Un puzzle complicato, che fa rivedere al rialzo il numero di lavoratori e piccoli artigiani che ricorreranno agli ammortizzatori sociali. Solo nella giornata di ieri decine di piccole, medie e grandi aziende hanno presentato centinaia di nuove richieste di cassintegrazione, ma nelle prossime ore la crescita è prevista essere ancora più importante, sforando la quota mille dipendenti stimata la scorsa settimana.
Alta tensione sul fronte sindacale, dove la decisione di diverse aziende di tenere i cancelli aperti sta portando verso un duro scontro tra gli imprenditori e i rappresentanti dei lavoratori.
«Dopo una prima bozza più restrittiva, ora possono restare aperte anche fabbriche non essenziali come quelle della plastica o alcuni comparti del metalmeccanico — spiega Pieralberto Colombo, segretario provinciale Cgil — È essenziale garantire prima di tutto la salute ed è incomprensibile la scelta di allargare le maglie per farci rientrare imprese che potrebbero restare chiuse».

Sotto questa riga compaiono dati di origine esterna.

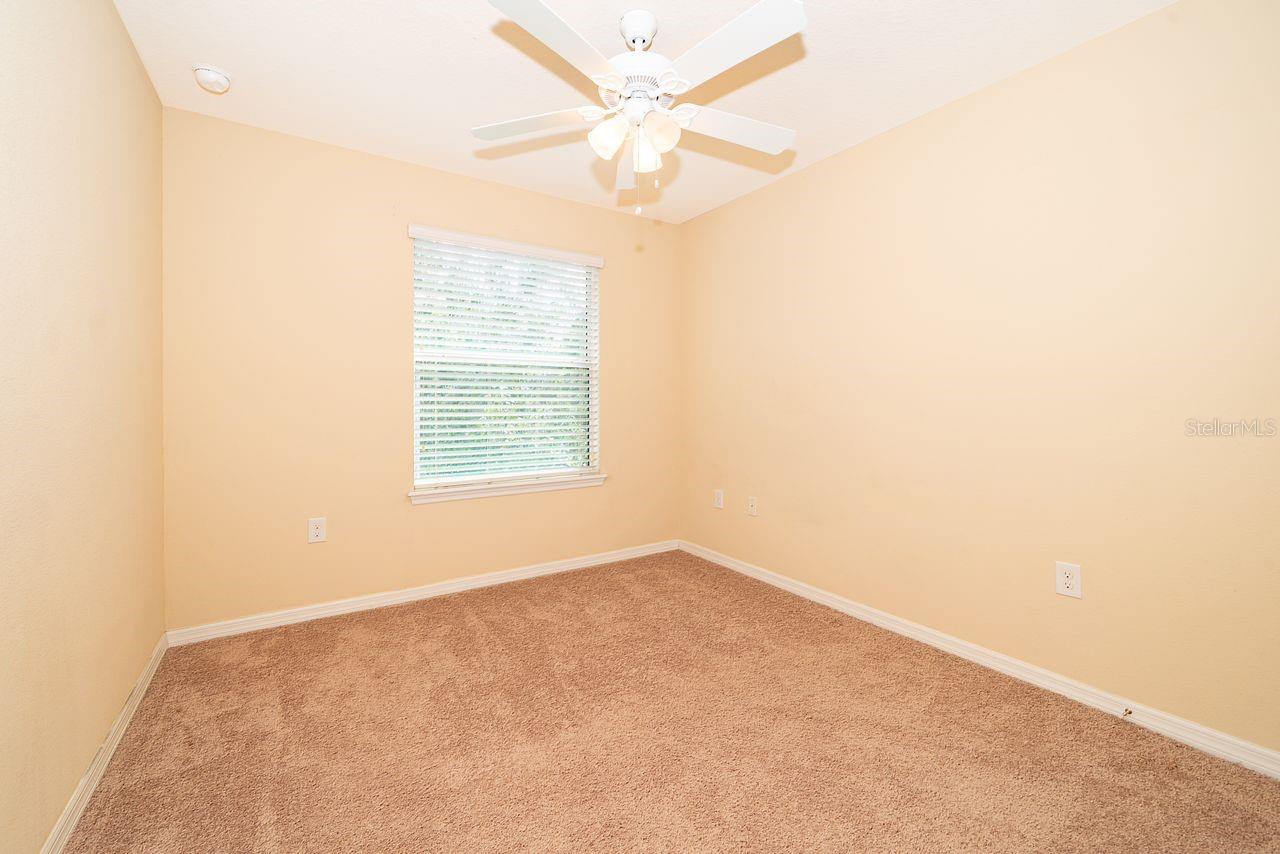 Image 14 of 21 For 9539 Silver Buttonwood Street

Una necessità, quella di garantire sicurezza, confermata anche Samuel Scavazzin (Cisl di Padova e Rovigo). «È paradossale che noi sindacati chiediamo la chiusura delle aziende, ma è tutela della salute — chiarisce Scavazzin — Siamo davanti ad un disastro. Prima il settore artigianale, ora quello industriale. L’edilizia, il commercio, il tessile, la trasformazione dei prodotti alimentari stanno subendo un duro colpo, compresi gli indotti».
Ma a preoccupare è anche quello che accadrà dopo l’emergenza. «Si sta definendo uno scenario peggiore della crisi del 2008 — ragiona Colombo — Ci vorrà uno sforzo straordinario per recuperare il terreno perso». Col rischio che anche il riconoscimento della Zls, la «Zona logistica» chiesta per portare investimenti sul territorio, sia insufficiente.